Thompson grew up in a working-class area in Liverpool and he uses this background to vividly depict a sense of place in these stories. They are written from two main perspectives—a gay male viewpoint and a family relationships viewpoint, in particular between mother and son.
In The Americans, we meet an ordinary British family on their annual holiday, at a guest house in Bournemouth. The boy in the story so wants to be friends with the American boy from Boston—a place so exotic he can barely imagine it. Meanwhile, his mother has ‘a technique for garnering information. From titbits overheard … she could construct complete histories.’ Thompson’s writing really brought the scene to life for me, as I remembered similar family holidays when I was a child in England.

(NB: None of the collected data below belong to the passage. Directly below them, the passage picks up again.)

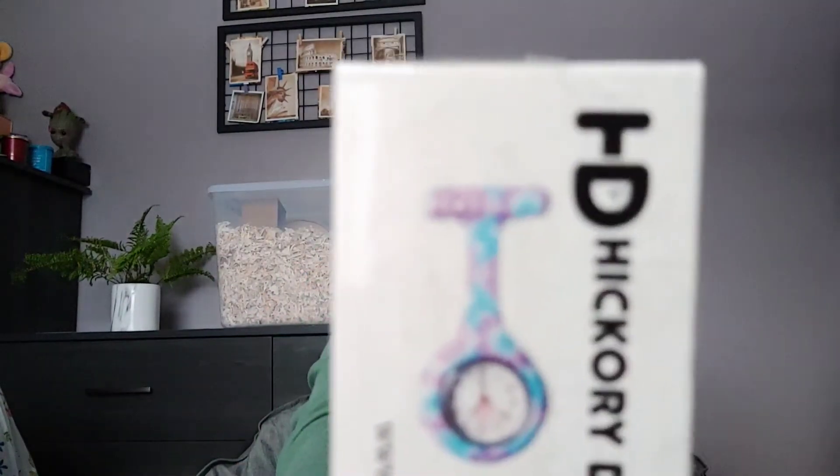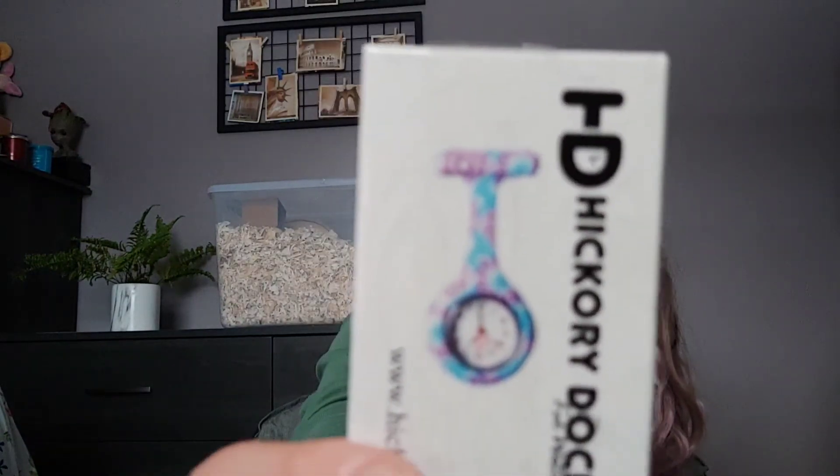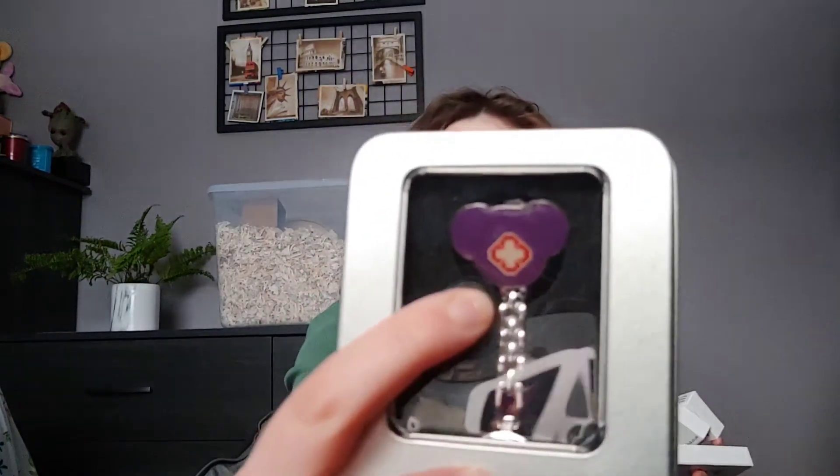Lapel watches. I have three that are like a rubbery plastic material, and then I have one that is metal. It's one thing that I actually get to personalize on my uniform, so I'm excited to have it — that's why I got different colors. This one's polka dots, I've got flowers, and then I have one that's almost like a paisley design, and this one just has like a purple bear on the top.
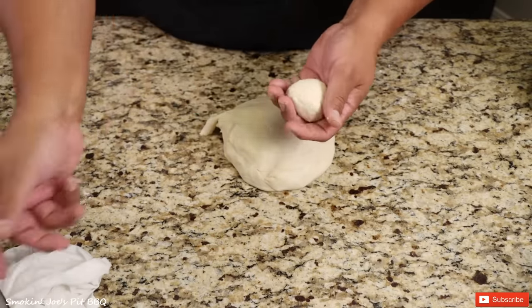The carne guisada is ready and the flour tortillas are ready — let's make some tacos. These flour tortillas came out pretty darn good. You want a little bit of gravy in your taco. Made one for my daughter as well. Got to have that gravy in that taco.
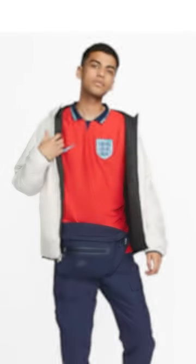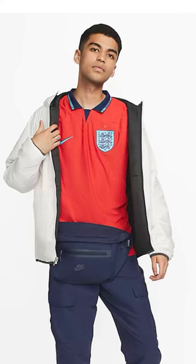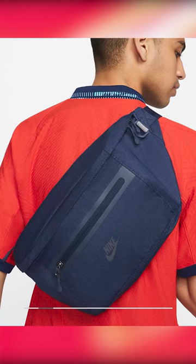As we look ahead to the World Cup later this year, England's away shirt has leaked, and this is going to be a really popular design from Nike.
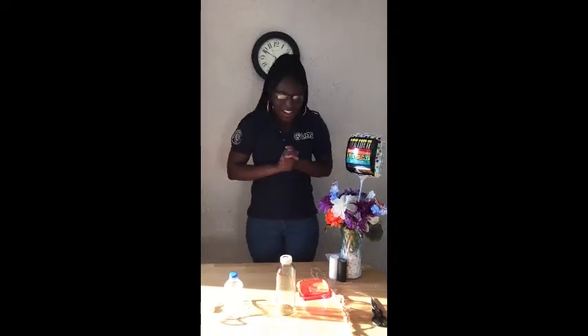Hello everybody! Happy Earth Day! Today I'm going to show you how to reuse some of the things around your house to make a hummingbird feeder.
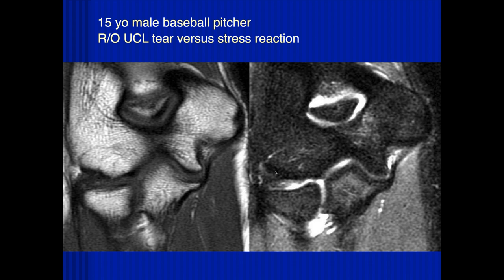15-year-old male, baseball pitcher — ulnar collateral ligament tear versus stress reaction. The anterior band of the ulnar collateral ligament looks grossly intact. There's a little bit of increased signal on the inner aspect of those fibers, so maybe it's like a partial tear. It looks like there are still some fibers attaching to the humerus. I'm worried about that fat signal — that kind of triangle you're outlining. That's a normal fat pad. If you don't see it, that's abnormal.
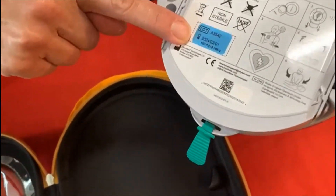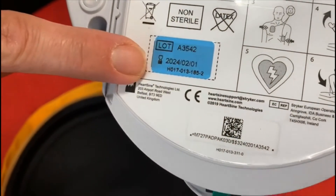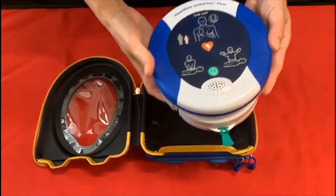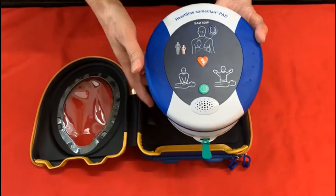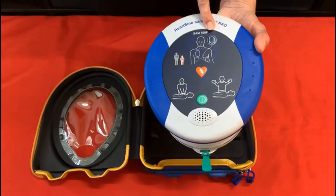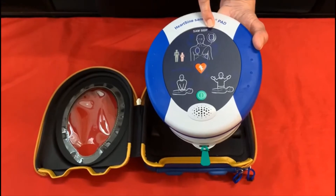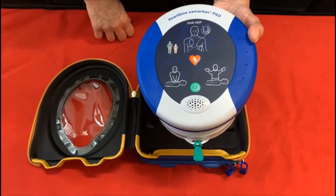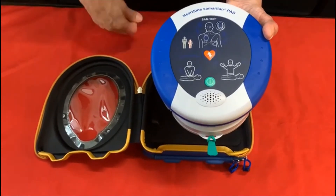You'll notice that there is an expiry date on the back there. And you'll also notice now on the front of the unit there is a green flashing light which indicates that everything is good with the unit. It's in working order, ready to use if you need to.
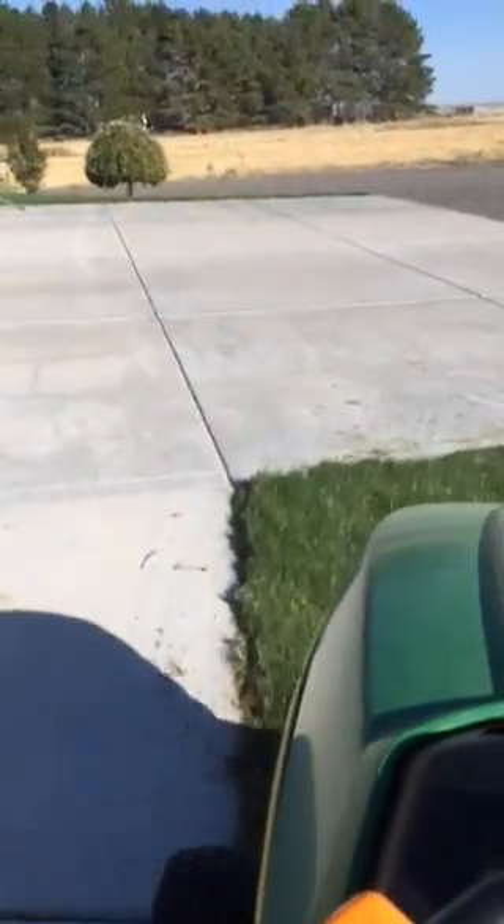Oh dear, it's locked because Grandma went on vacation. Grandma didn't get one lawnmower last week.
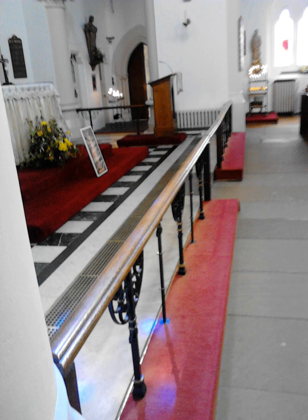The altar rail, also known as a communion rail or chancel rail, is a low barrier, sometimes ornate and usually made of stone, wood or metal in some combination, delimiting the chancel or the sanctuary and altar in a church from the nave and other parts that contain the congregation. Often a gate, or just a gap, at the center divides the line into two parts.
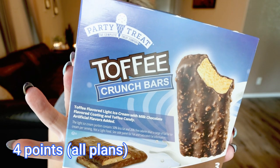Last but not least are the Party Treat Toffee Crunch Bars. I have hauled these several times — this is probably literally the 10th box I've purchased. It has a toffee flavored light ice cream with a milk chocolate flavored coating with toffee candy. These are so incredibly delicious — it is a Heath bar in a frozen ice cream form. Only 80 calories per bar, or all three bars in the package for 250 calories. If you are going to get anything out of today's video, get these toffee bars. They're incredible.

The pace of these stories is often slow as much of the narrative tends to be the main character’s internal monologue. Nonetheless, the writing is tight and focused with vivid
At times I had problems with the lack of a traditional plot when I could not see where the story was going and even when I reached the end, was unsure of what the point of it was. But perhaps the lack of a precise point was the overall meaning of some of these short stories—that life events do not always have a neat beginning, middle, and an end.